Showing posts with label Search Engine Optimization. Show all posts
Showing posts with label Search Engine Optimization. Show all posts

Friday 11 July 2014

How Google Searches for The Content You want...



 When you sit down at your computer and do a Google search, you're almost instantly   presented with a list of results from all over the web. How does Google find web pages matching your query, and determine the order of search results?

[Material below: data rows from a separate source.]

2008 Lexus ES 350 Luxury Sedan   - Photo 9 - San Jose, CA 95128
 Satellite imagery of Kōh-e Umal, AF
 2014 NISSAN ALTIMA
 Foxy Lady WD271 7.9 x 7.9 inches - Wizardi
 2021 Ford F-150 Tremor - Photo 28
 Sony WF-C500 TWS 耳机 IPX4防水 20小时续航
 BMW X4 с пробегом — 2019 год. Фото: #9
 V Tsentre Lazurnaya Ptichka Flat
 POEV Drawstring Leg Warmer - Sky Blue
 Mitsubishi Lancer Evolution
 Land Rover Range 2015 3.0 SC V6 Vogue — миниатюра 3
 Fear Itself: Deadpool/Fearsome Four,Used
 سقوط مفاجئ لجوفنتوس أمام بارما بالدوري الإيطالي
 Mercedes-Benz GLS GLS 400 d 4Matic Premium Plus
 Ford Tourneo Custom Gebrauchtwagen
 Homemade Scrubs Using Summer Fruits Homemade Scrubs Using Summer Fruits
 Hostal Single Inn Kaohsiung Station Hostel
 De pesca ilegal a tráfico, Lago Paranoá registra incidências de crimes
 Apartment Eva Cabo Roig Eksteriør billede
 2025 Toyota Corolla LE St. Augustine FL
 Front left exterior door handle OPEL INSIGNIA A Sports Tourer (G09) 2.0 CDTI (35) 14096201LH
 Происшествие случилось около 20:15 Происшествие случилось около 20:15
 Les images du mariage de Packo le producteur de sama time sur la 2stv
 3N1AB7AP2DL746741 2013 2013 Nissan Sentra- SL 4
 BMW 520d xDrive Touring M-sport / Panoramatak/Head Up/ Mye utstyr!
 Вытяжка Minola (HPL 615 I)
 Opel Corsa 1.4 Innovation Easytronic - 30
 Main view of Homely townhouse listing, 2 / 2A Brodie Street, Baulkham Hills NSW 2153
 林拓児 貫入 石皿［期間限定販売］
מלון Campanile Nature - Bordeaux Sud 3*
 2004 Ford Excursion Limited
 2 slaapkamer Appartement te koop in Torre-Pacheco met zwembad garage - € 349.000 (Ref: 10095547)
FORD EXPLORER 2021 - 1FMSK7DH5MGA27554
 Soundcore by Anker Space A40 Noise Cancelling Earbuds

  •  Googlebot, a web crawler that finds and fetches web pages. 
  •  The indexer that sorts every word on every page and stores the resulting index of words in a huge database.  
  • The query processor, which compares your search query to the index and recommends the documents that it considers most relevant.
       Let’s take a closer look at each part.
       

       1. Googlebot, Google’s Web Crawler:- 

                   Googlebot is Google’s web crawling robot, which finds and retrieves pages on the web and hands them off to the Google indexer. We use a huge set of computers to fetch or crawl billions of pages on the web. The program that does the fetching is called Googlebot (also known as a robot, bot, or spider). Googlebot uses an algorithmic process: computer programs determine which sites to crawl, how often, and how many pages to fetch from each site.
                                      
            Google's crawl process begins with a list of web page URLs, generated from previous crawl processes, and augmented with Sitemap data provided by webmasters. As Googlebot visits each of these websites it detects links on each page and adds them to its list of pages to crawl. New sites, changes to existing sites, and dead links are noted and used to update the Google index. 
         

       2. Google’s Indexer:- 

                    Googlebot gives the indexer the full text of the pages it finds. These pages are stored in Google’s index database. This index is sorted alphabetically by search term, with each index entry storing a list of documents in which the term appears and the location within the text where it occurs. This data structure allows rapid access to documents that contain user query terms. 
                            
                    To improve search performance, Google ignores (doesn’t index) common words called stop words (such as the, is, on, or, of, how, why, as well as certain single digits and single letters). Stop words are so common that they do little to narrow a search, and therefore they can safely be discarded. The indexer also ignores some punctuation and multiple spaces, as well as converting all letters to lowercase, to improve Google’s performance.
    

       3. Google’s Query Processor:-                            

                   When a user enters a query, machines search the index for matching pages and return the results we believe are the most relevant to the user. Relevancy is determined by over 200 factors, one of which is the Page Rank for a given page. Page Rank is the measure of the importance of a page based on the incoming links from other pages. In simple terms, each link to a page on site from another site adds to your site's Page Rank. Not all links are equal: Google works hard to improve the user experience by identifying spam links and other practices that negatively impact search results. The best types of links are those that are given based on the quality of your content.

                   In order for site to rank well in search results pages, it's important to make sure that Google can crawl and index site correctly. Webmaster Guidelines outline some best practices that can help to avoid common pitfalls and improve site's ranking.

                   Google's “Did you mean” and Google “Auto complete” features are designed to help users save time by displaying related terms, common misspellings, and popular queries. They display these predictions only when they think user might save the time. If a site ranks well for a keyword, it's because they've algorithmically determined that its content is more relevant to the user's query.